Remember, I will give you everything you need to study for the tests: vocabulary, learning goals, readings, and any and all activities we do in class. Just pace yourself. Make sure you are paying attention in class and honestly, you should do just fine. But you have to remember that I am pushing you. So push back!!

6. I know how tabs work too & the tech rabbit hole

     Life is full of choices and unfortunately a lot of distractions. A lot! So as we head towards being truly a 1 to 1 school (Um...yea that means everyone has a device silly!) you have to be careful that you are using your time wisely when I give you something to do digitally. Look, a part of my philosophy is giving you a taste of radical autonomy during class. What does that mean?
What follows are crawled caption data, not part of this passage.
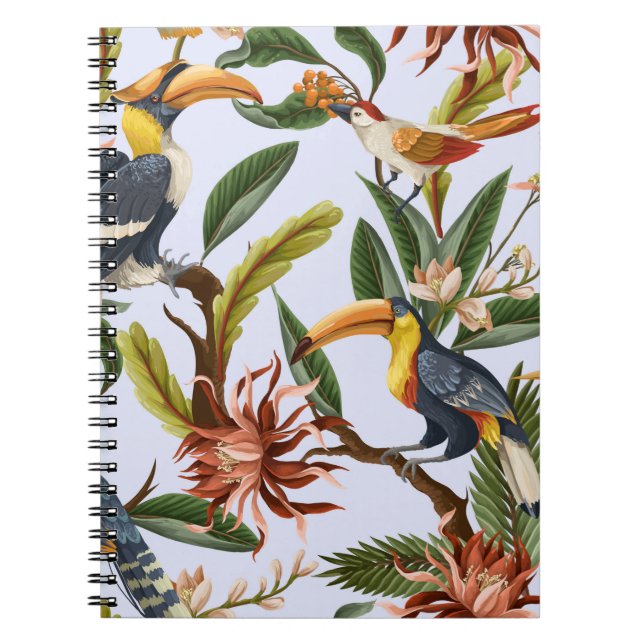 Seamless pattern with birds and tropical leaves an notebook (Front)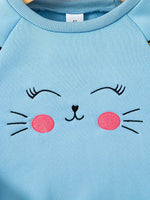 Embroidered Cat Fleece-Lined Hoodie Set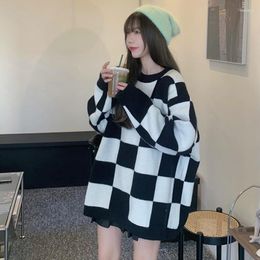 Women's Sweaters 2023 Streetwear Hip-hop Black White Checkerboard College Style Round Neck Casual Loose Pullover Knitted Sweater Overcoat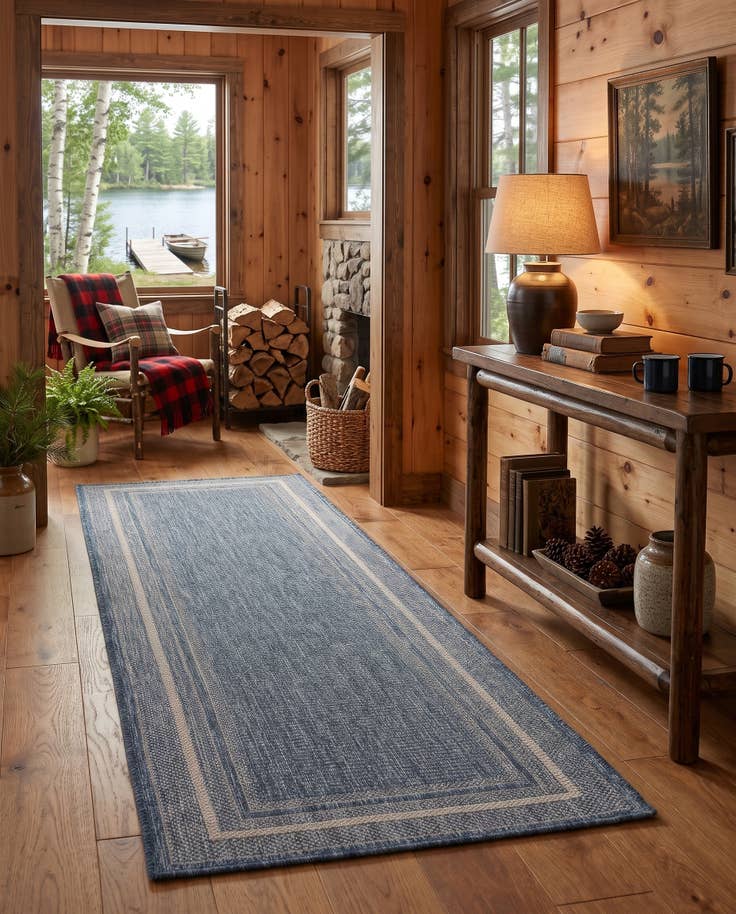 Detail image of 2' x 8' Easy-Clean Seabreeze Border Indoor / Outdoor Runner Rug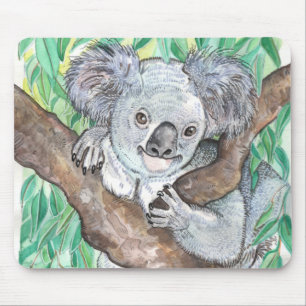 Koala in Eucalyptus Tree Painting Mouse Mat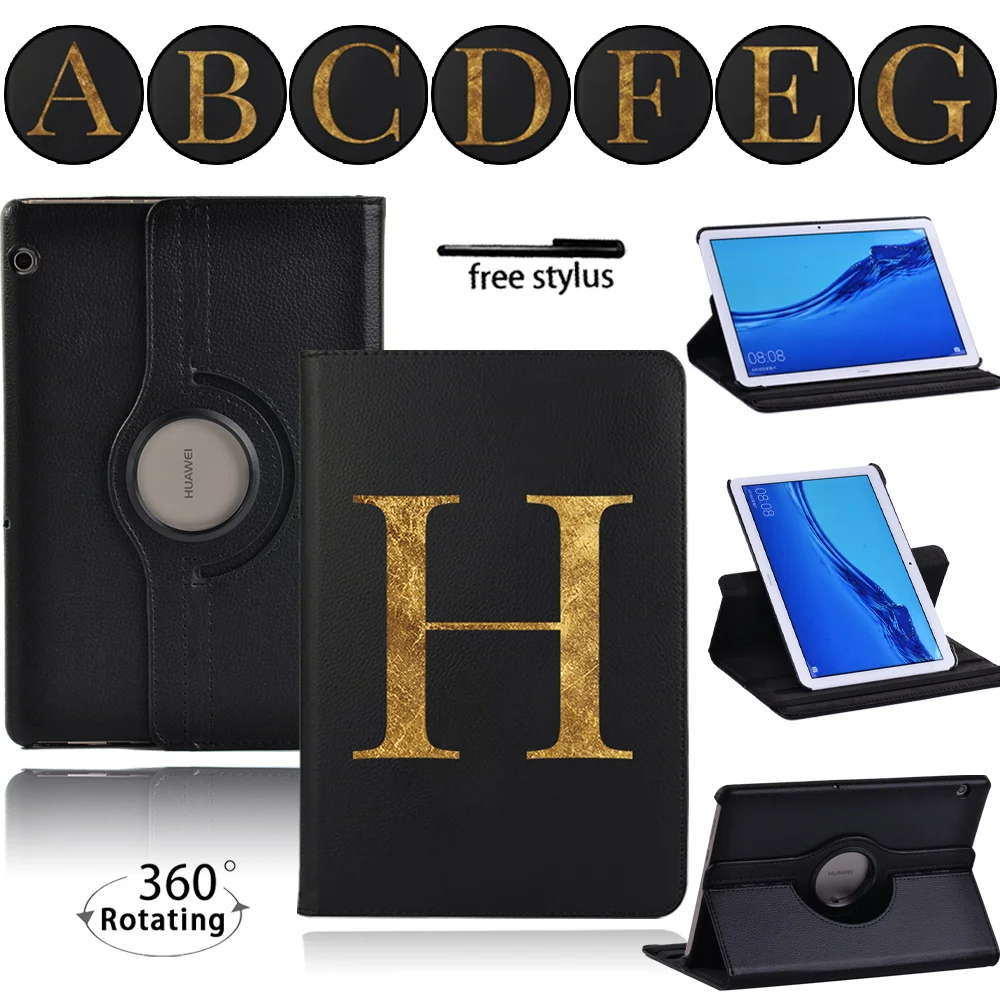 

For Huawei MediaPad T3 10 9.6"/ MediaPad T5 10 10.1" Drop resistance 360 Rotating Pu Leather Bracket Tablet Cover Case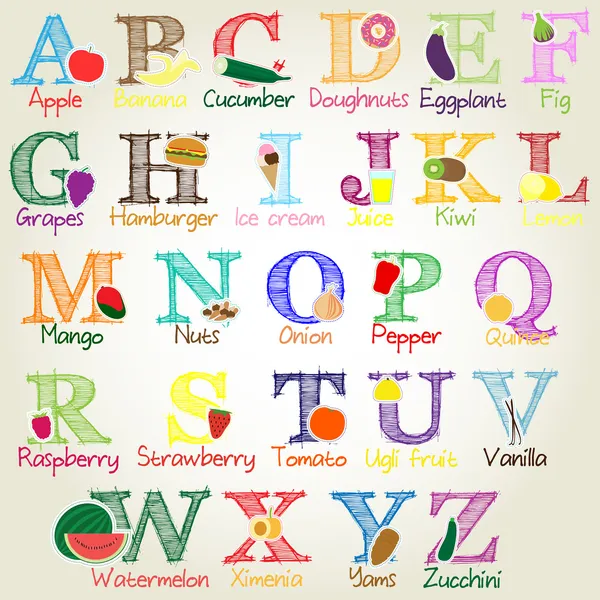 Fruit, Vegetables and Food Alphabet - Vector Illustration — Stock Vector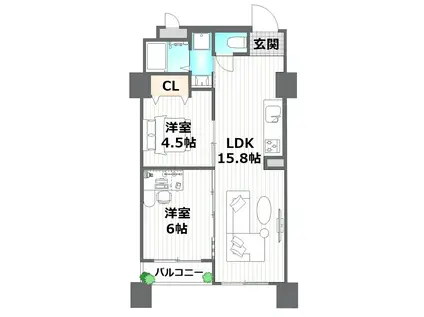 勝山タウンハウス(2LDK/2階)の間取り写真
Well, since I am not lecturing for the entire class, I will be giving you a problem or issue to investigate, question, ponder and while I am still in the room, I won't be over your shoulder the whole time. So you have work to do and when you are on your phone or watching Modern Family when you should be working, I will know. How? I am magic. Let's just leave it at that. Okay, maybe not magic, but I am not under the delusion that you won't be distracted by the fact that you have the world at your finger tips and you are really really good at finding ways to distract yourself. Why do I give you this freedom? Well, really soon, you are going to have more radical autonomy in your life than you have ever had. (It's called college) And trust me, you are not fully ready for this autonomy. I wasn't. I had to learn how to deal with it and luckily I adjusted to it and did well. So knowing that most students are not fully ready for this, why wouldn't I help you by "teaching" you how to manage that kind of freedom?? One of my pet peeves is when teachers complain that students don't have the skills or abilities they are looking for (These aren't the droids you are looking for!) but then don't teach or model them in and out of the classroom. Gee, I wish there was a group of people who were responsible for teaching these students how to <fill in a skill, process or other ability here>. So I am trying to get you ready to enter the world and you have to learn how to deal with tech distractions.
      One of the reasons why I am using Google Classroom, Google Drive and other digital sites in this class is many of my former students have told me they wish they would have learned to interact with the digital world in high school because they have to college and most of their professors throw stuff at them assuming they know how to do these things. And they don't. Again, I am trying to prepare you for life. No matter what career path you head down, you will have to deal with technology on some level to do your job. That's the world now. It's awesome, but the skills and knowledge you have to have to navigate this world can't entirely be taught from a static textbook.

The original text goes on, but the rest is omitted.